Dreams are not for the faint of heart, they are for the brave to follow.
A Book, an Hourglass.
An adventure into the mind.
Nicholas had always dreamt of faraway places, distant lands beyond imagination. Wandering into the library on a cold day, he finds an adventure that he had not been looking for. Transported to a distant world, Nicholas finds himself involved in sweeping adventures of a broken and lost kingdom. Filled with sea giants and ancient cities, the young man soon finds that the adventure was greater than he could have ever imagined.

The Ocean and The Hourglass features Nicholas, a young, troubled boy who wants nothing more than to escape his daily life, filled with school bullies and an alcoholic mother. He finds solace in the library, until one day the eccentric librarian hands him an empty book and an hourglass to use. However, there are strict rules to use the book and hourglass, and when one day Nicholas doesn’t obey those rules, he finds himself in the middle of a war tearing a magical kingdom apart. Evil lurks around every corner, and Nicholas, referred to by many as “The Prodigy”, along with an eclectic group of friends, is forced to fight the evil and save the kingdom, if he ever wants to get home again.

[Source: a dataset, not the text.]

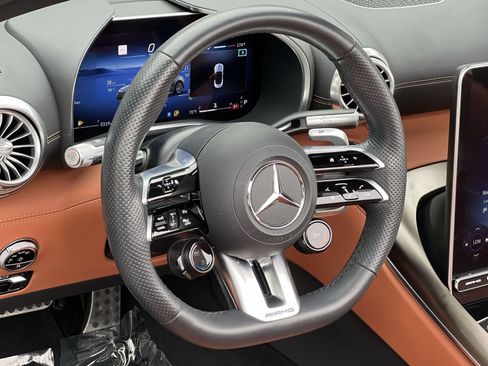 Certified 2022 Mercedes-Benz SL 55 AMG 4MATIC w/ Driver Assistance Package image 21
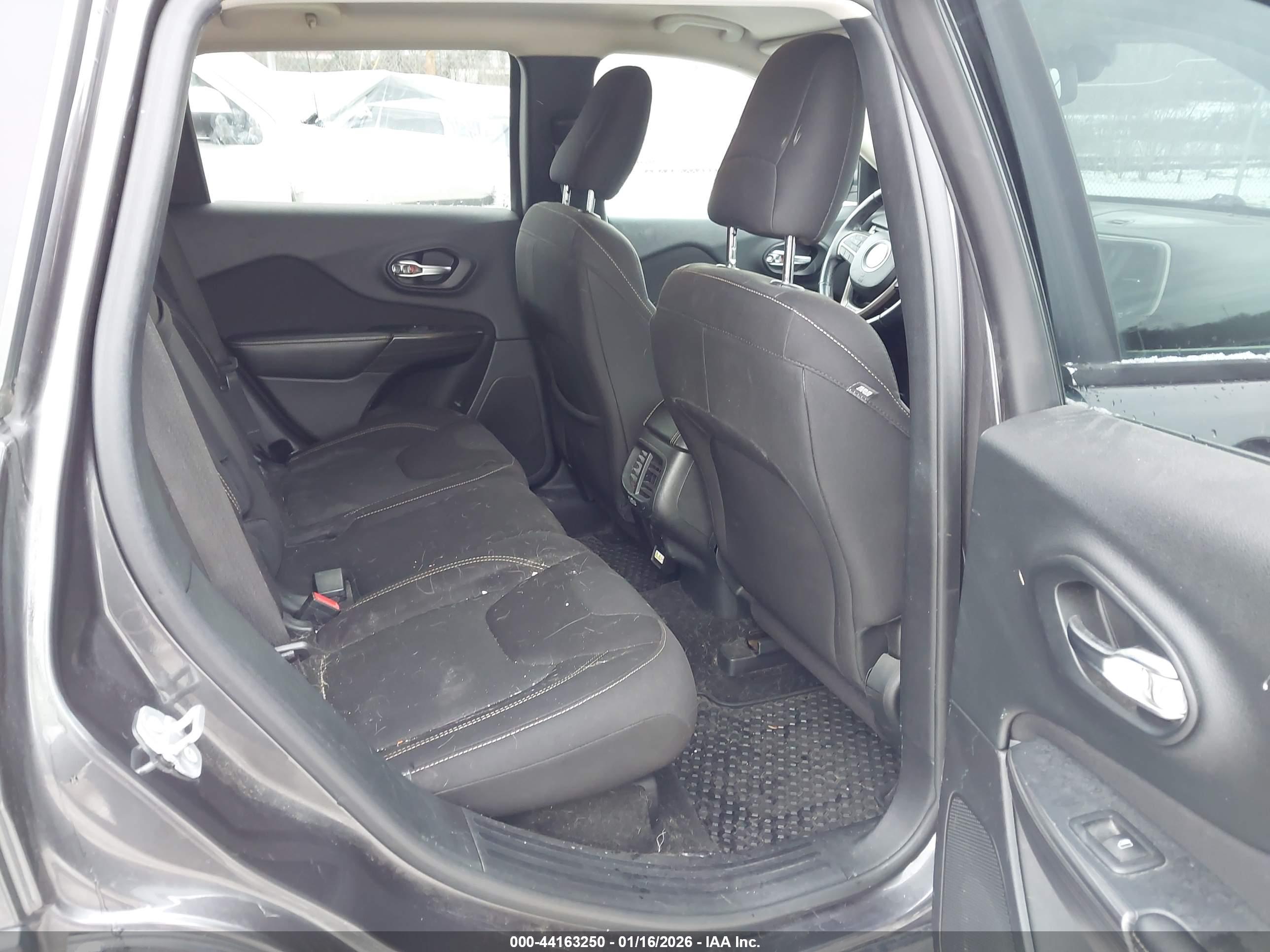 JEEP CHEROKEE image 8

The story has a LOT of potential. The concept is great, and reminded me of timeless stories like The Chronicles of Narnia and the Inkheart series, and even The Never-Ending Story. The story starts out strong enough as well. Nicholas is a likeable character, and easily relatable for the many bookworms who like to escape our daily reality and hide behind the covers of a book. However, the plot soon falls flat, and becomes unconvincing. The characters fail to come alive, the third person perspective is at times, very odd, since it introduces us to unnecessary characters. At times, we meet characters who are very interesting and necessary for the plot, but we only meet them briefly and then they disappear in the pages of history. I could’ve lived with that if this book was intended for the middle grade crowd, but as it is, Nicholas is a young adult and he behaves like a ten year old most of the time.

Then there’s the plot itself, which…lacked something. There was a sparkle of plot magic at work up to the point when Nicholas travelled to the magical world, and then the magic was lost. There wasn’t enough action to keep me invested in the book, the conflict seemed minimal and sometimes even non-existing. There are plenty of philosophical discussions going on in the book, but I can’t help but wonder if a YA book, or even MG considering the story, would be the perfect place for long, philosophical discussions. I wish the author would’ve left it out in favor of more action and adventure.

If one would cut out the sometimes overly flowery prose and heavy vocabulary and philosophical discussions, the many side characters adding nothing to the story, and would make Nicholas several years younger, one would have an interesting, fun MG novel. As it stands, it’s difficult to classify this book as anything except eclectic.

While I enjoyed the other books by Dan O’Brien that I read, this one didn’t feel right to me. Some of the ideas were too random, and the book wanted to be more than it was intended to. I liked the original plot idea, and the characters of Nicholas, so I gave points for that. It’s not an overly bad book, it just wasn’t for me.